Producer中计算消息partition的流程较为简单：

若record指定partition，则直接返回。
若自定义了partitioner则使用自定义规则的分区计算方式
若指定了key并未配置partitioner.ignore.keys，则使用murmur2算法得出partition
否则将partition设置为UNKNOWN_PARTITION，这会在org.apache.kafka.clients.producer.internals.RecordAccumulator#append方法中进行处理。

private int partition(ProducerRecord<K, V> record, byte[] serializedKey, byte[] serializedValue, Cluster cluster) {  
    if (record.partition() != null)  
        return record.partition();  
  
    if (partitioner != null) {  
        int customPartition = partitioner.partition(  
            record.topic(), record.key(), serializedKey, record.value(), serializedValue, cluster);  
        if (customPartition < 0) {  
            throw new IllegalArgumentException(String.format(  
                "The partitioner generated an invalid partition number: %d.
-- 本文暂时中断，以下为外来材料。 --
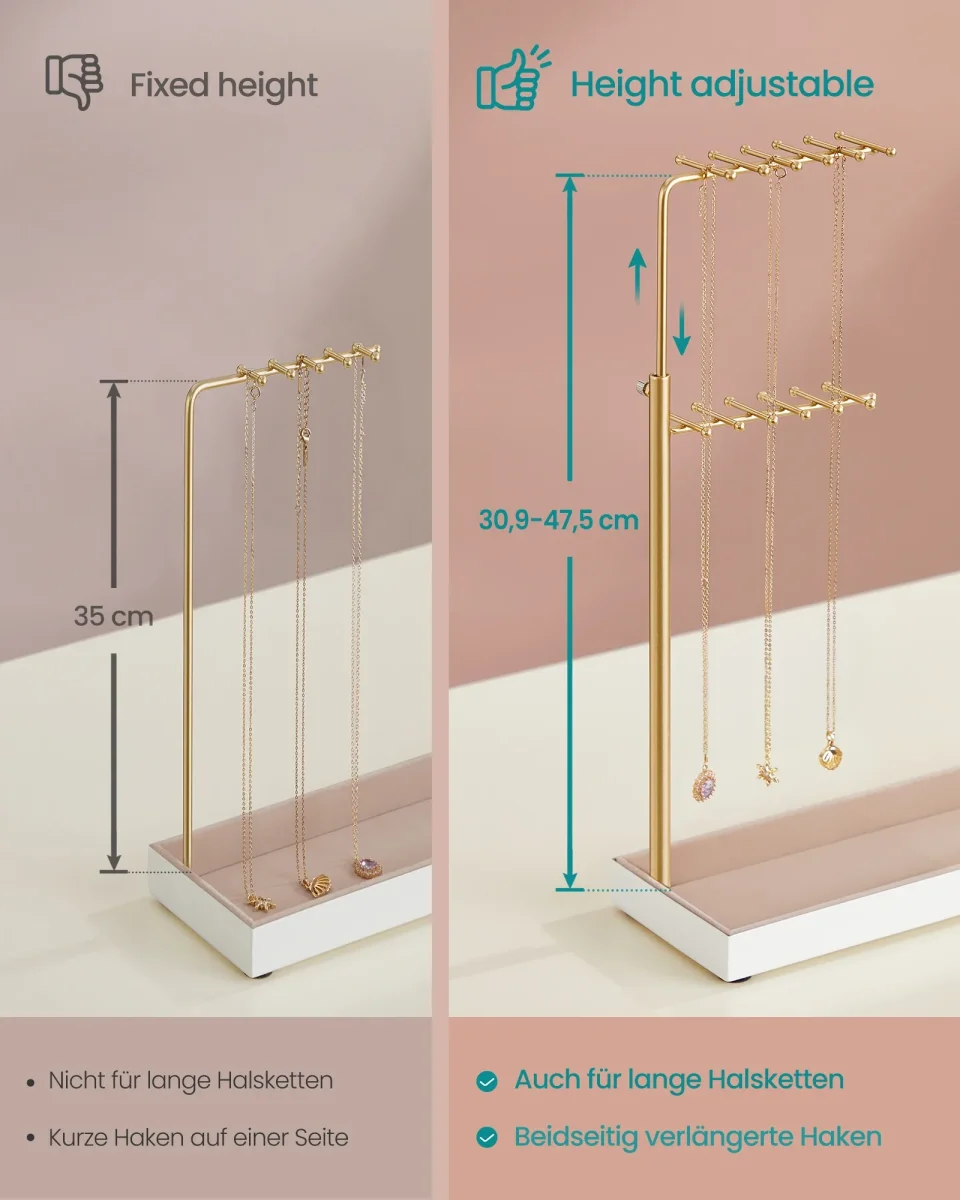 Porte-bijoux extensible 3 cadres métal avec plateau velours pour colliers bracelets boucles d'oreilles – Image 5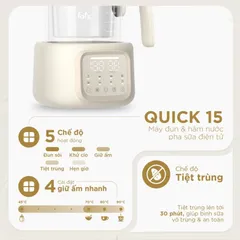 Máy Đun và Hâm Nước Pha Sữa Điện Tử Fatzbaby Quick 15 FB3115TN - Đun Nóng Siêu Tốc, Chức Năng Tiệt Trùng & Hẹn Giờ Thông Minh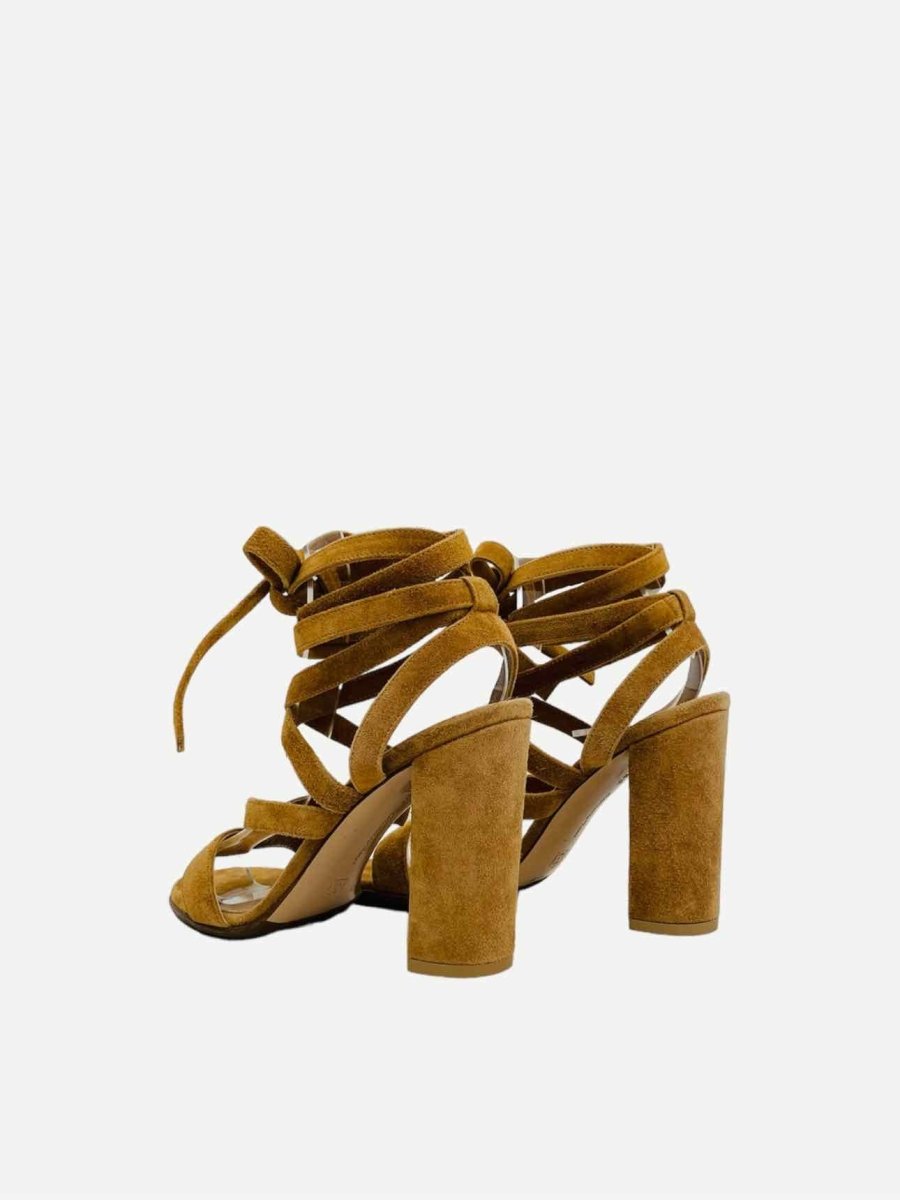 Pre-loved GIANVITO ROSSI Janis Low Camel Heeled Sandals - Reems Closet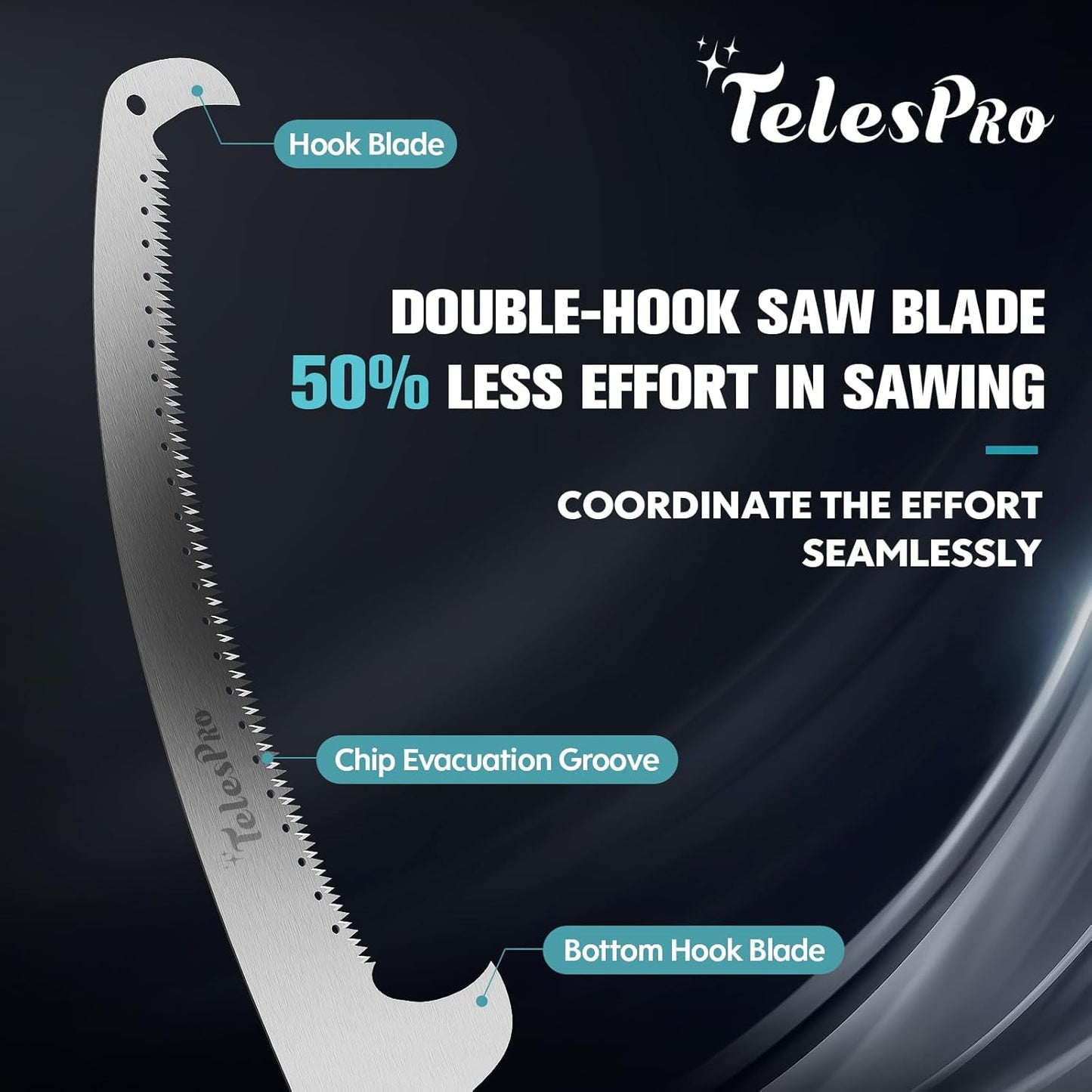 Extendable Tree Trimmer: Manual Pole Saw | 6-24ft Telescoping Pruning Pole for Tree Trimming | Saw Attachment, Safety Goggles, and Gloves Included | Trim Branches up to 2" Diameter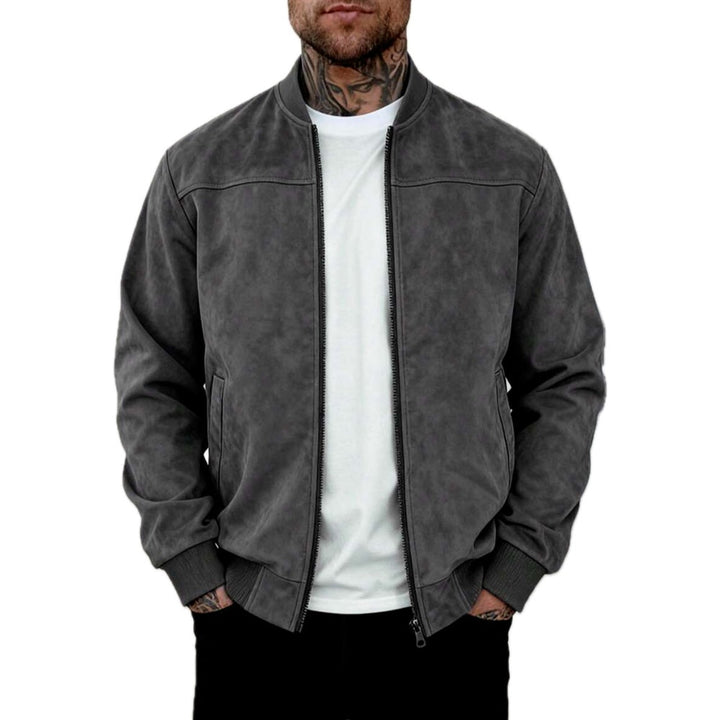 Lightweight Suede Look Stand Collar Flight Jacket Gray 1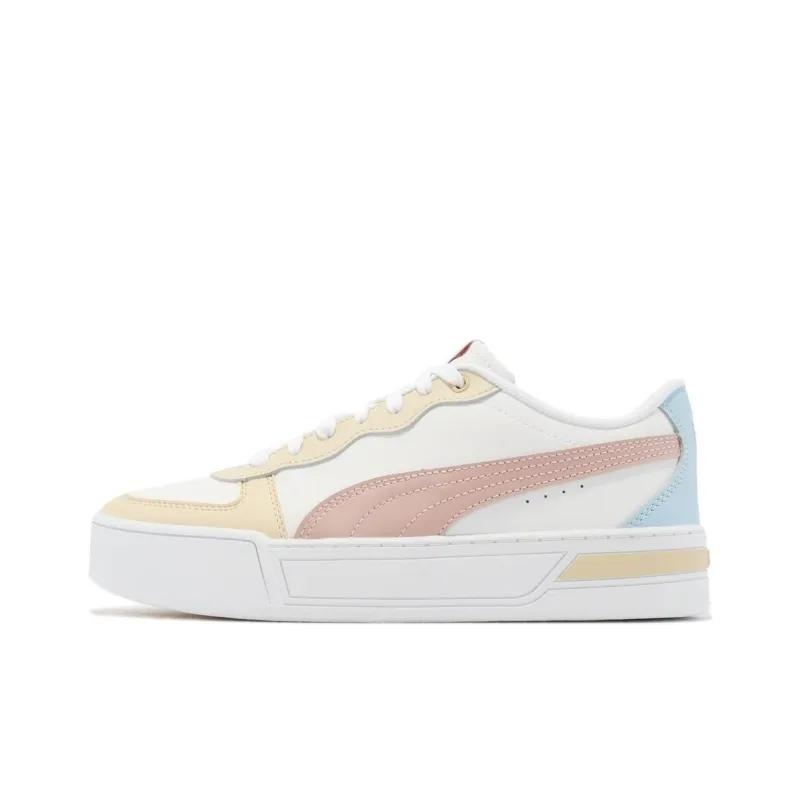 PUMA Skye Anti-Slip Wear-Resistant Low-Top Skateboard Shoes Women's Pink Yellow-0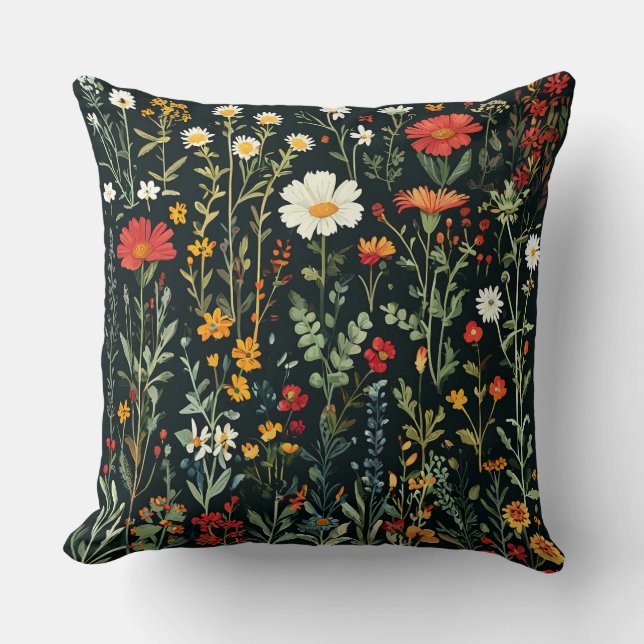Coussin Arrangement Fleur sauvage coloré (Recto)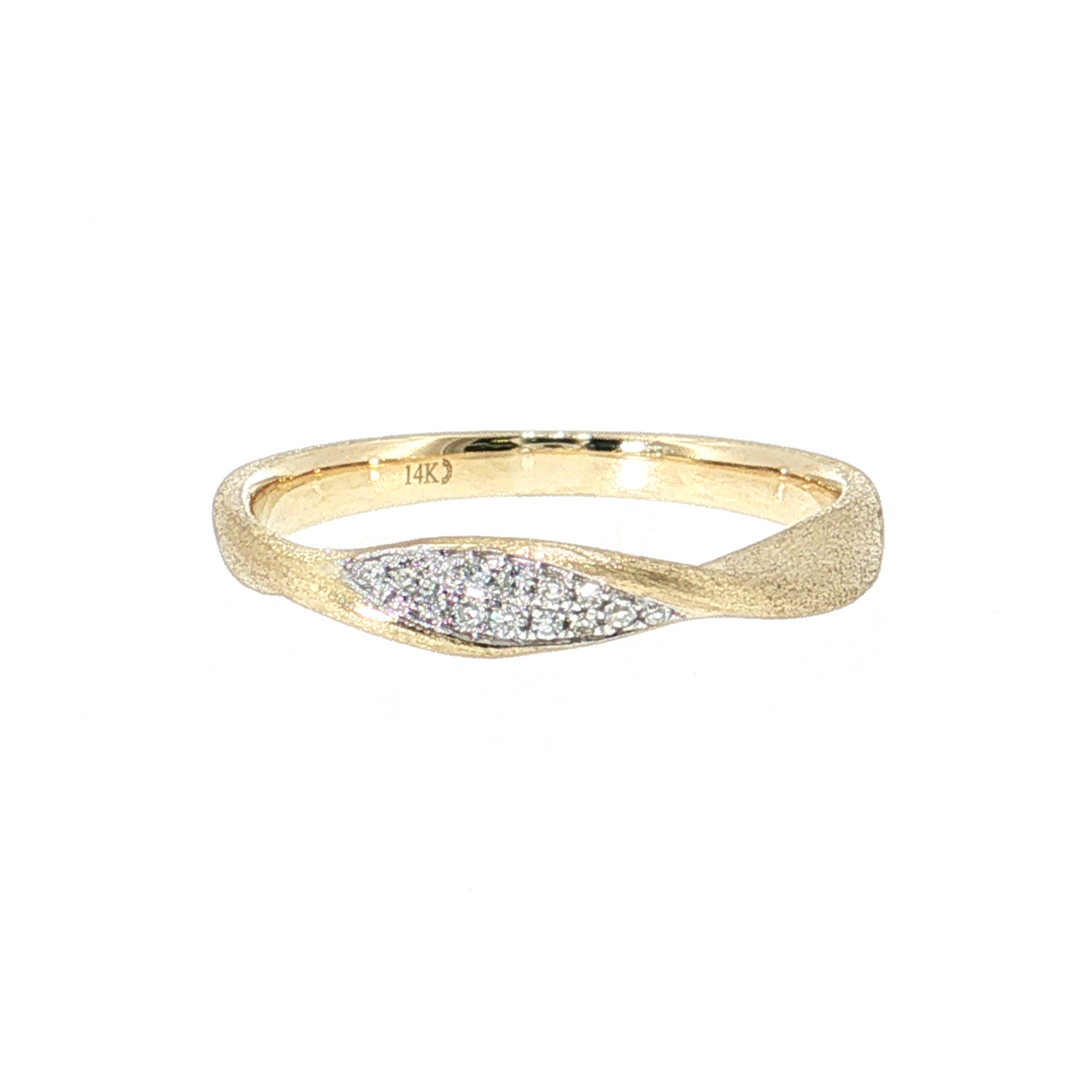 14K Gold Diamond Twist Ribbon Ring | 0.06 cttw Natural Diamonds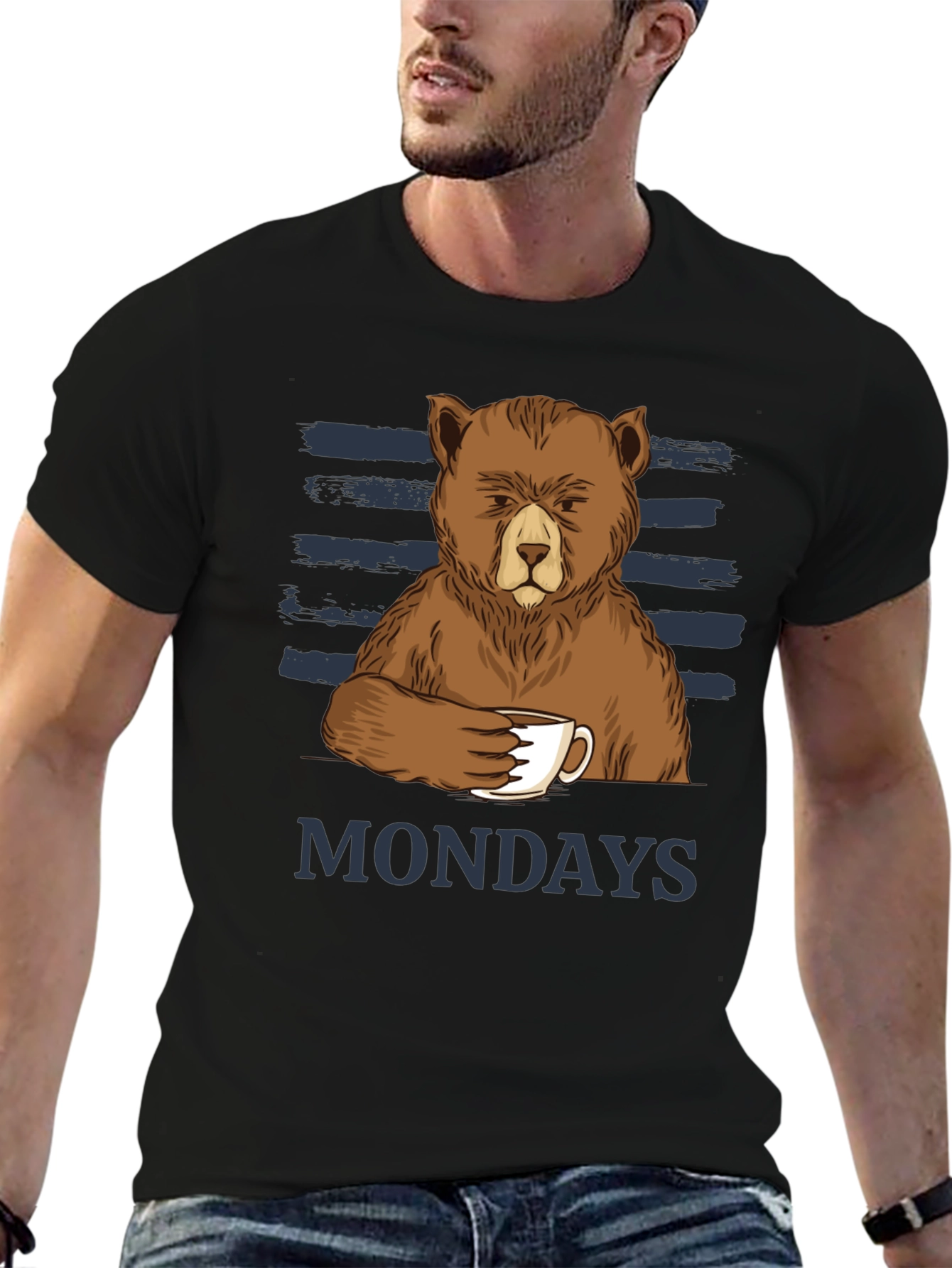 Mondays Bear T-Shirt Coffee Lover Tee Funny Graphic Shirt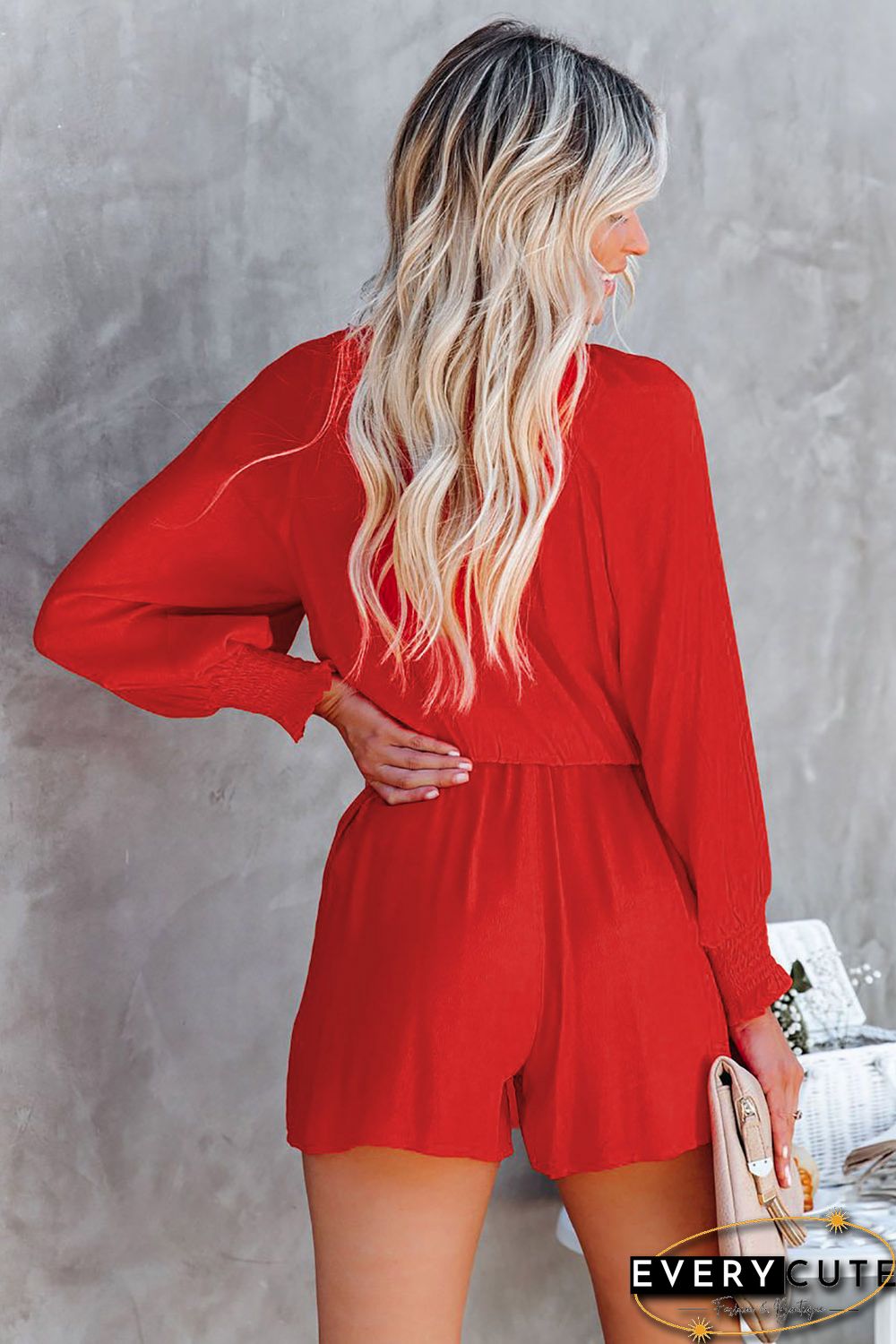Red Tie Knot Puff Long Sleeve Romper
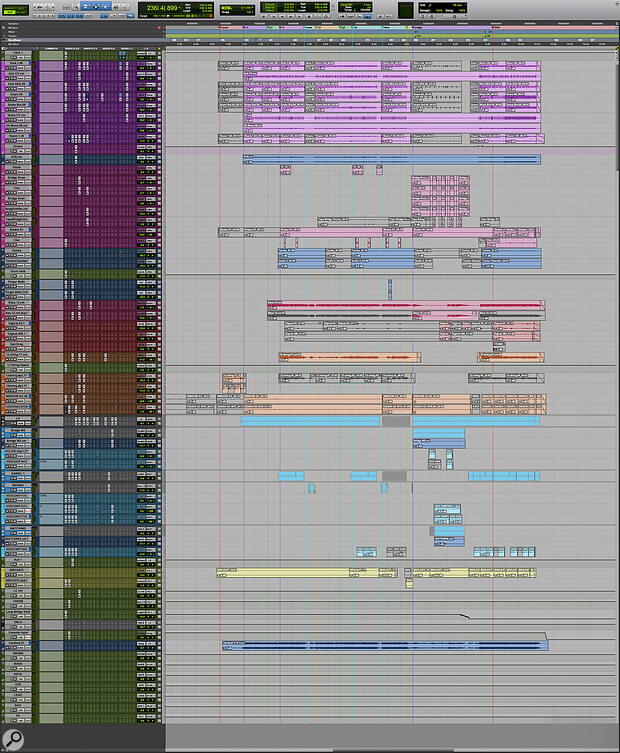 This composite Pro Tools screen shows the tracking session for Kacey Musgraves’ single ‘Cardinal’, engineered by Konrad Snyder.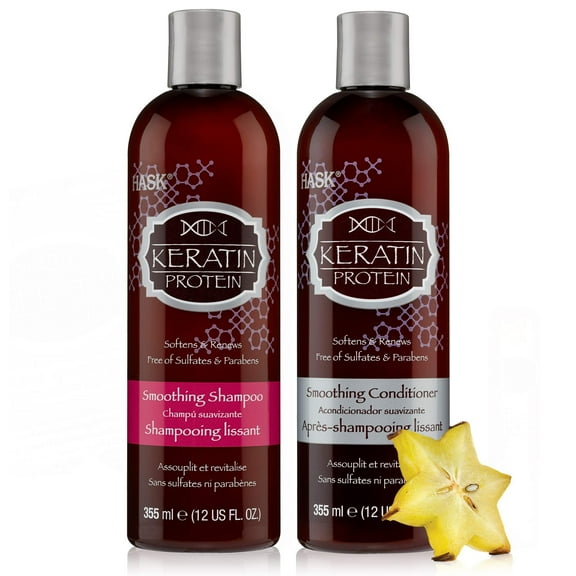 HASK ARGAN OIL Shampoo and Conditioner Set Repairing for All Hair Types, Color Safe, Gluten-Free, Sulfate-Free, Paraben-Free - 1 Shampoo and 1 Conditioner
Partition number should always be non-negative.", customPartition));  
        }  
        return customPartition;  
    }  
  
    if (serializedKey != null && !partitionerIgnoreKeys) {  
        // hash the keyBytes to choose a partition  
        return BuiltInPartitioner.partitionForKey(serializedKey, cluster.partitionsForTopic(record.topic()).size());  
    } else {  
        return RecordMetadata.UNKNOWN_PARTITION;  
    }  
}

Partitioner提供了以下三个接口：

int partition(String topic, Object key, byte[] keyBytes, Object value, byte[] valueBytes, Cluster cluster)：自定义分区计算方法。
void close()：用于partitioner关闭资源的方法。
void onNewBatch(String topic, Cluster cluster, int prevPartition)：从3.3.0开始废弃，用于通知partitioner新分区被创建，sticky分区方式可以改变新分区的黏性分区。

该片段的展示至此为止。